Expertise you can trust: Brilliant Earth is known for its award-winning jewelry designs and seamless, innovative shopping experience. This Brilliant Earth diamond guide explains what rarity really means in the diamond market. All Brilliant Earth guides are meticulously researched and reviewed by our certified gemologists, content, editorial, and brand teams before publication to ensure industry-leading excellence and accuracy.
How Rare Are Diamonds?
Are natural diamonds rare? The honest answer is yes and no.
Natural diamonds as a mineral are relatively common in the Earth's crust and are not inherently scarce. Large quantities are mined around the world every year. However, most mined diamonds are industrial-quality, meaning they're too small, too included, too tinted, or too irregular to be used in jewelry. Instead, they are used for tools, cutting equipment, and other industrial purposes.
What's actually rare are natural diamonds that meet the visual and quality standards for jewelry. To suit an engagement ring or other jewelry, a natural diamond must typically meet all the following criteria:
- Well-balanced proportions that maximize brilliance and light performance
- Usually near-colorless or better, with minimal visible tint
- Limited visible inclusions
- A size substantial enough for jewelry settings
Only a small percentage of mined diamonds satisfy all of these standards at once. Scarcity (and value) emerge through this process of elimination. As natural diamonds move from the mine into the jewelry supply chain, jewelers and manufacturers filter out most stones, rejecting those that lack visual appeal, precision, or overall beauty.

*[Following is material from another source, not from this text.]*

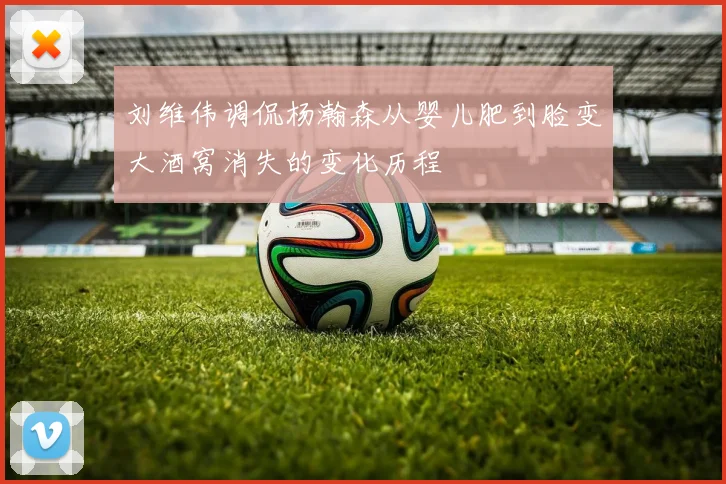 刘维伟调侃杨瀚森从婴儿肥到脸变大酒窝消失的变化历程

In summary, while natural diamonds themselves are widely available, natural diamonds that meet jewelry standards are not.
Why Are Diamonds So Rare?
There’s a common misconception that diamond scarcity is purely marketing. Historically, one company did control most of the world's natural diamond supply and restricted how many stones reached the market to keep prices high. However, today's market operates differently. There are many suppliers that now compete globally, and lab-grown diamonds offer additional alternatives.
That said, even in today's diverse market, true scarcity exists. It comes down to two factors: natural limitations and concentrated demand.
Although natural diamonds form deep within the Earth, most never reach the surface in mineable quantities. Of those that do, most lack the size or visual qualities required for jewelry.
This scarcity becomes even greater for certain categories. Natural diamonds over two carats that meet high standards across all quality factors account for only a small fraction of production. Fancy-color natural diamonds like pink, blue, green, and yellow varieties occur only under very specific geological conditions, making them especially difficult to source even for experienced professionals.
At the same time, consumer demand is highly concentrated. Most shoppers look for similar characteristics; traditional shapes, near-colorless color grades, eye-clean clarity, and excellent cut quality. That means competition is high for a very narrow subset of natural diamonds, compounding the natural scarcity.
The Bottom Line
The takeaway is this: jewelry-quality natural diamonds are rare, even if natural diamonds themselves are not.
Diamonds may be abundant as a raw material, but beautiful, high-quality natural diamonds are genuinely hard to find. Out of everything mined, only a small percentage is refined, selected, and ultimately set into jewelry. That selectivity, not sheer quantity, defines rarity.